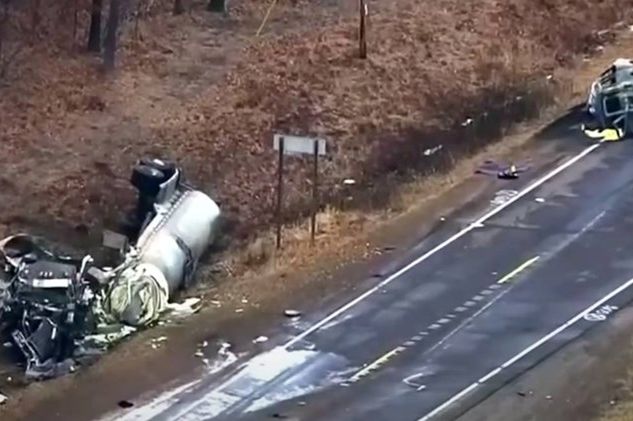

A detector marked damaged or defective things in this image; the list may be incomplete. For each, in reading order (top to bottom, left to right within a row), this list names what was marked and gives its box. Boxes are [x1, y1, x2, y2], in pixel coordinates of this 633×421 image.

wrecked truck cab [584, 57, 632, 135]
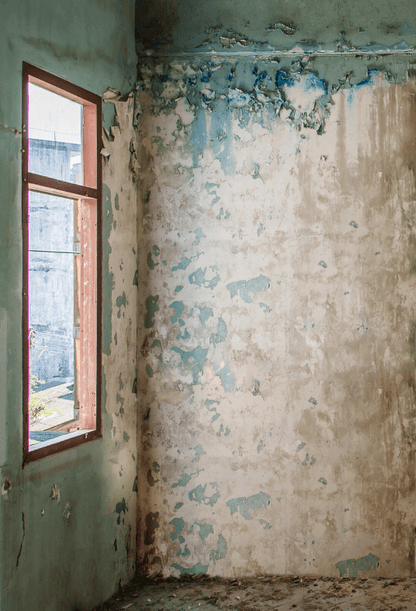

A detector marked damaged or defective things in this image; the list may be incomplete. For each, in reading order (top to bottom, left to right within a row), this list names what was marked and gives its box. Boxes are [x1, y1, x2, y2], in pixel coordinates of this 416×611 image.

peeling plaster wall [0, 1, 138, 611]
peeling plaster wall [138, 49, 416, 580]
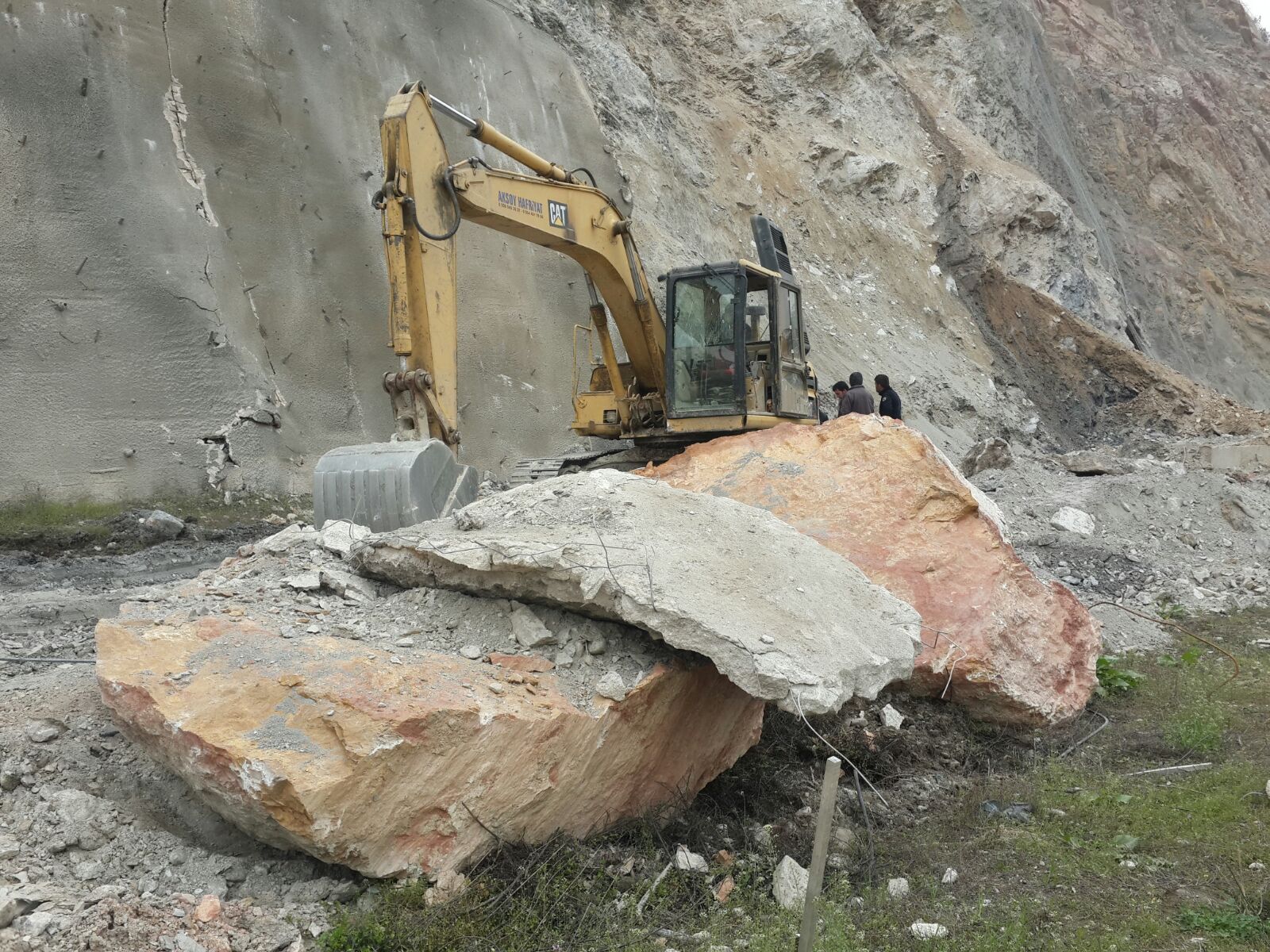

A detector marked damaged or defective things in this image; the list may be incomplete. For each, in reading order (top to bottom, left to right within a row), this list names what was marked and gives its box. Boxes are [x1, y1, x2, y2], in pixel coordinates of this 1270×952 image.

broken concrete [352, 470, 921, 714]
broken concrete [654, 419, 1099, 727]
broken concrete [97, 609, 765, 876]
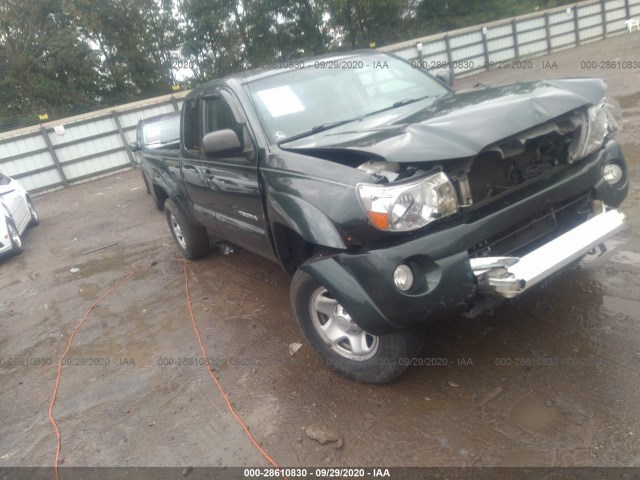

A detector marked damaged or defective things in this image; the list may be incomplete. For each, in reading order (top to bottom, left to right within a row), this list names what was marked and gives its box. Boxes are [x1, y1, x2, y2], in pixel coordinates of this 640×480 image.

crumpled hood [282, 78, 608, 162]
broken headlight [568, 97, 624, 163]
broken headlight [358, 172, 458, 232]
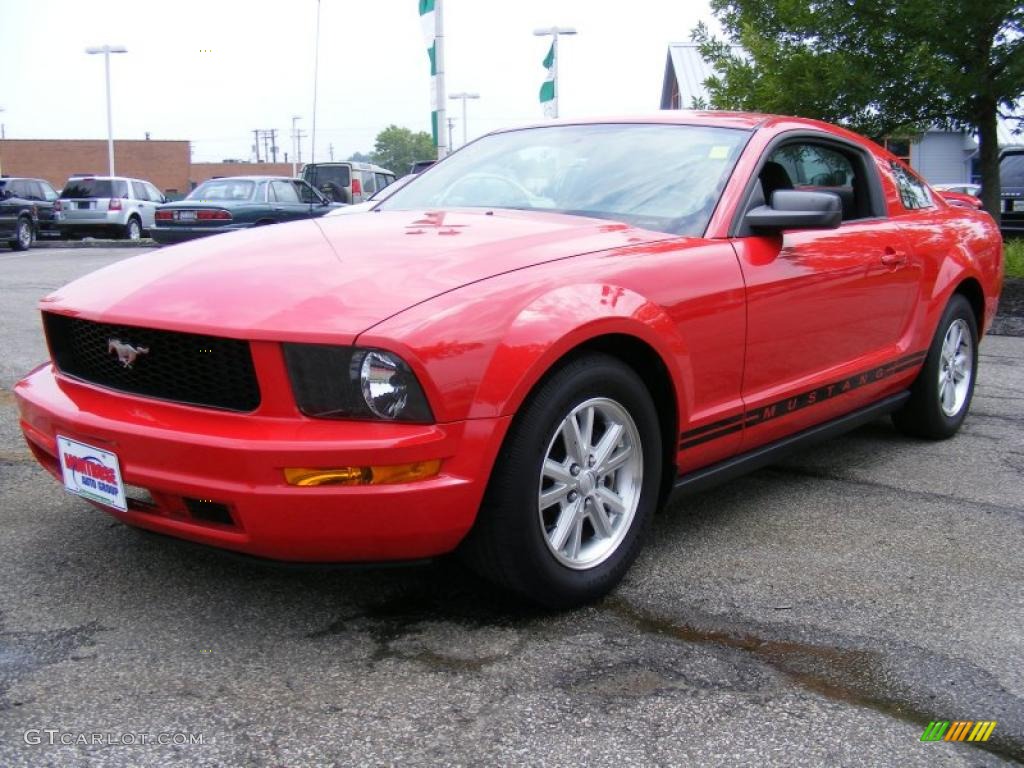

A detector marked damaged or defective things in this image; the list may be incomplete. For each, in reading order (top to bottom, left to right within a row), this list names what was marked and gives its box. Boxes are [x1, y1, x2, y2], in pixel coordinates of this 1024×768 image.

cracked pavement [0, 249, 1019, 765]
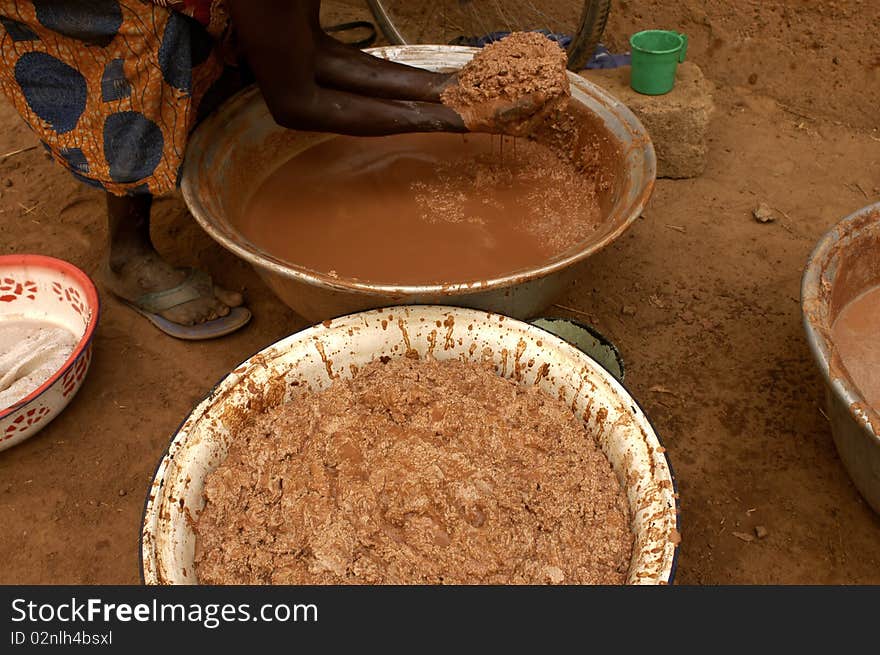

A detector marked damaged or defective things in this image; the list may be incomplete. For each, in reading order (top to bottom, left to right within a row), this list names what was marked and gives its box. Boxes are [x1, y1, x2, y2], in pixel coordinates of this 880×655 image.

rusty bowl rim [180, 46, 652, 300]
rusty bowl rim [800, 199, 880, 436]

## How to complete this task
Retype word for word the line above with "this 880×655 image." and all lines after it, nothing else.

## Solution
A detector marked damaged or defective things in this image; the list may be incomplete. For each, in reading order (top to bottom, left to right within a row), this list names what was marked and gives its box. Boxes are [x1, y1, x2, y2], in pixel coordinates of this 880×655 image.

rusty bowl rim [180, 46, 652, 300]
rusty bowl rim [800, 199, 880, 436]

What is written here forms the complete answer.